Question

ABCD is a rhombus and P, Q, R, S are the mid-points of the sides AB, BC, CD and DA respectively. Show that the quadrilateral PQRS is a rectangle.

Answer 1

Hint- We will approach this question in such a way that we will consider the two triangles ABC and ADC respectively, deduce the relation between PQ and RS to prove PQRS is a parallelogram. After that we will use the property of rhombus that all sides of rhombus are equal to indirectly deduce the relation between $\angle 1,\angle 2$ . After that use SSS congruence rule in the triangle APS and CQR to make $\angle 3,\angle 4$ equal to each other. In the end, use the linear property of angles to deduce the relation between $\angle SPQ,\angle PQR$ and prove that $\angle SPQ$ is equal to ${90^0}$ and prove the already proven parallelogram to be a rectangle.

Complete step-by-step solution -

We have been given that ABCD is a rhombus where P, Q, R and S are the midpoints of sides AB, BC, CD and DA respectively.
We have to prove that PQRS is a rectangle.
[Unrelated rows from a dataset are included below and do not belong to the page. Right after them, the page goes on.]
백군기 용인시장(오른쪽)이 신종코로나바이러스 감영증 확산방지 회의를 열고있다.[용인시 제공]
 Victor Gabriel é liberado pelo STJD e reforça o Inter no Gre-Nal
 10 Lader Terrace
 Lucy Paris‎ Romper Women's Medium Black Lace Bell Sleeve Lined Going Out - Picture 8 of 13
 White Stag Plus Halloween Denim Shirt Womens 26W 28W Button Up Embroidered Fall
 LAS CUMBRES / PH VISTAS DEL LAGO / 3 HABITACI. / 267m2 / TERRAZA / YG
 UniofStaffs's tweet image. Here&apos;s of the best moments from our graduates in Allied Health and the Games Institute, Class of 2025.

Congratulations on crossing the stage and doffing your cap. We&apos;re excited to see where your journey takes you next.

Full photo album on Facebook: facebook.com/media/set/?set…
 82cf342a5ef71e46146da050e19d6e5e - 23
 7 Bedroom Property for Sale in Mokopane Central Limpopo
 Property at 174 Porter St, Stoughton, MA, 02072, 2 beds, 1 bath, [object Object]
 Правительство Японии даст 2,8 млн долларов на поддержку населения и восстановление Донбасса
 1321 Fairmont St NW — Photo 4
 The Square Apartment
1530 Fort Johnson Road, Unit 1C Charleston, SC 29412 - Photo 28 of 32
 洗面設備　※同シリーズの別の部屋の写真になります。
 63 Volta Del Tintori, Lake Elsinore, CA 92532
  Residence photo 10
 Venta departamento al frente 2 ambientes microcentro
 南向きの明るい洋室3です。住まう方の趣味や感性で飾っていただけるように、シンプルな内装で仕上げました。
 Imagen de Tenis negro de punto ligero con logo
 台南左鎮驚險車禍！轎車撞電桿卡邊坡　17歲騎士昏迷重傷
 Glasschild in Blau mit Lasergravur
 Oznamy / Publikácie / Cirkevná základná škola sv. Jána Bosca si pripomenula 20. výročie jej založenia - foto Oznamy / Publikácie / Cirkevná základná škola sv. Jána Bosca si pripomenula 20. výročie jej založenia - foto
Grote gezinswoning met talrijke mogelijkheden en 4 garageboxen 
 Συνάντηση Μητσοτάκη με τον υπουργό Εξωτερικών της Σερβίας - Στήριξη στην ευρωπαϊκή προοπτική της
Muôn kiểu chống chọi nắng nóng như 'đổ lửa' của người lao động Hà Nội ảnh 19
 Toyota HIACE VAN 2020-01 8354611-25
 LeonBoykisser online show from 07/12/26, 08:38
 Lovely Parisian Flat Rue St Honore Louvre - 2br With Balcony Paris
For that we will first join A & C.
To prove that PQRS is a rectangle we will first prove it to be a parallelogram and then later prove one angle of it to be ${90^0}$
Let us consider $\Delta ABC$
Here we know that P and Q are the midpoints of sides AB and BC respectively.
We know that Line segments joining the mid-points of two sides of a triangle are parallel to the third side and are half of it.
$\therefore PQ\parallel AC$ and $PQ = \dfrac{1}{2}AC$ ----(1)
Let us consider $\Delta ADC$
Here we know that R and S are the midpoints of sides CD and AD respectively.
We know that the Line segment joining the mid-points of two sides of a triangle is parallel to the third side and is half of it.
$\therefore RS\parallel AC$ and $RS = \dfrac{1}{2}AC$ ----(2)
From (1) and (2) we get,
$PQ\parallel RS $ and $PQ = RS$
Now in quadrilateral PQRS,
We can see that one pair of opposite sides is parallel and equal so we can say that PQRS is a parallelogram.
Now, we know that AB = BC because all sides of rhombus are equal.
So, we can also say that, $\dfrac{{AB}}{2} = \dfrac{{BC}}{2}$ and we know that P and Q are the midpoints of AB and BC respectively.
So, PB = BQ ----(3)
and AP = CQ ----(4)
Similarly, we know that AD = DC because all sides of rhombus are equal.
So, we can also say that, $\dfrac{{AD}}{2} = \dfrac{{DC}}{2}$ and we know that S and R are the midpoints of AD and DC respectively.
So, AS = CR ----(5)
and SD = DR ----(6)

Now in $\Delta BPQ$
PB = BQ (using (3))
$\therefore \angle 2 = \angle 1$ -----(7) (Angles opposite to equal sides are also equal)
Now in $\Delta APS\& \Delta CQR$
AP = CQ (Using (4))
AS = CR (Using (5))
PS = QR (Opposite sides of a parallelogram are equal)
$\therefore \Delta APS \cong \Delta CQR$ by SSS rule of congruence
$\angle 3 = \angle 4$ by CPCT ------(8)
Now, AB is a line
So, we can say that $\angle 3 + \angle SPQ + \angle 1 = {180^0}$ ----(9) as Linear pair angle sum $ = {180^0}$
Similarly, for line BC
$\angle 2 + \angle PQR + \angle 4 = {180^0}$ (Linear pair angle sum)
From (7) & (8) we get,
$\angle 1 + \angle PQR + \angle 3 = {180^0}$ --------(10)
From (9) and (10) we get,
$ \Rightarrow \angle 1 + \angle SPQ + \angle 3 = \angle 1 + \angle PQR + \angle 3$
$\therefore \angle SPQ = \angle PQR$ -----(11)

Now, $PS\parallel QR$ (Opposite sides of parallelogram are parallel)
& PQ is a transversal
So, $\angle SPQ + \angle PQR = {180^0}$ as interior angles on the same side of transversal are supplementary
Using (11) we get,
$ \Rightarrow \angle SPQ + \angle SPQ = {180^0}$
$ \Rightarrow 2\angle SPQ = {180^0}$
$ \Rightarrow \angle SPQ = \dfrac{{{{180}^0}}}{2} = {90^0}$
Now, PQRS is a parallelogram with one angle equals ${90^0}$ .
Hence, we can simply say that quadrilateral PQRS is a rectangle.
Hence showed.

Note- For such types of questions just keep in mind that the Line segment joining the mid-points of two sides of a triangle is parallel to the third side and is half of it. One must also be knowing that if one pair of opposite sides is parallel and equal, we can say that PQRS is a parallelogram. One must also be knowing about the SSS congruence rule of triangles and should also know that interior angles on the same side of transversal are supplementary.